There are programs that will make data unrecoverable from a drive. They're easily found with by googling for a drive erase or wipe. What they do is reiteratively write meaningless data bits into every sector of the drive. I think the DOD standard is at least 7 rewerites, but some use even more. Needless to say, it takes many hours.
If you're giving your PC to someone else to use, it's easy enough to clear off the drive with these tools. Otherwise, dunk the whole thing in a big bucket of dirty water for a few days and you should be good to go. Unplug it and remove the battery first !
I agree with snidely about using a free program to overwrite the drive. I remember a study I saw a couple of years ago that showed the majority of donated computers had personal/financial data on them that was easily recoverable with a simple, free program that you didn't need to be a genius to use.
Since new hard drives are so cheap, my approach has been to physically remove the drive and literally smash it up with a sledge hammer. If the computer you're giving a way has any decent value to it, someone should be willing to spend $50 for a new drive.
kudzu what would someone do with the personal financial info if they had it? I have heard all of the warnings but don't know how they could use it.
If you have ever done anything online with banking or credit card transactions, there could conceivably be identifiable info such as user IDs, passwords, credit card and account numbers, etc., that could be used to hack into your accounts or allow you to become a victim of identity theft.
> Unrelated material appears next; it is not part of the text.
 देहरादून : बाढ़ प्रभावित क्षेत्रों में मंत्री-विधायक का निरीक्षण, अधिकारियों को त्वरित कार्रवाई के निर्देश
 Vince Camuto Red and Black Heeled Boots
They couldn't get any of my money even if they hacked my accounts. I can't even do anything online with my money except move it from one account to another and my name has to be on both accounts and I don't do online banking any way or pay my bills online. Identity thief is possible, but the odds are low for that. My new credit can't be scanned by someone walking by me. That must be a serious threat because my husband's credit union issued new cards that can't be scanned by hand held electronics. The CU has called me twice asking if it was my signature on one of my checks and to verify a purchase of two games. I noticed on my home owners policy there is protection and help with ID theft.
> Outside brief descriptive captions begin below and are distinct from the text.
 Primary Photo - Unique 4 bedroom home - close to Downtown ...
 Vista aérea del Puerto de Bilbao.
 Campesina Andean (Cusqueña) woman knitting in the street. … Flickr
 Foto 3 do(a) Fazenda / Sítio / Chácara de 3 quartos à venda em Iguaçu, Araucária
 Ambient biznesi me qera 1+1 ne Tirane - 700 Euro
After my system recently died I pulled the HD, put it in a vise, and beat it with a two pound hand sledge hammer. Archaic? Yes. Barbaric? Yes. Did it get the job done? Definitely.
I think you are low risk, but you might be surprised with what I could do once I got inside your banking account.
i think you have low disk space.
Your insurance protection is minimal and a throw-in. It has its limitation.
I'm not brilliant enough, but I have professional co-workers who could, speaking in general, using the posts here alone, back track to your IP address, obtain your stored activity off the ISP servers, and monitor all your future traffic. From there the sky's the limit.
Try this example, I obtain all your savings account information and use the account as collateral for creating a fraudulent loan. I take the product with the lien on it and fail to pay. Your savings account is subsequently attached and seized for failure to pay. No money has ever changed hands.
No one should walk around claiming the sky is falling. However, continuous practice in security is vital.
I am cautious, just not obsessive and there is no protection in worrying about it. I have said nothing to make you think I am not cautious. My banking information not on my PC....is yours?
This post was edited by EmmaR on Fri, Nov 29, 13 at 9:11
My comments were only directed to you as you were the other side of the conversation. Nothing aggressive.
My example is an actual occurrence the the gleaning of the information was somewhat different.
I have plenty of banking and investment information on my system. However, I use no institution names, nor do I have the correct account numbers recorded. I also use cryptic passwords for their sites.
This post was edited by damccoy on Fri, Nov 29, 13 at 14:47
" I obtain all your savings account information and use the account as collateral for creating a fraudulent loan. I take the product with the lien on it and fail to pay. Your savings account is subsequently attached and seized for failure to pay. "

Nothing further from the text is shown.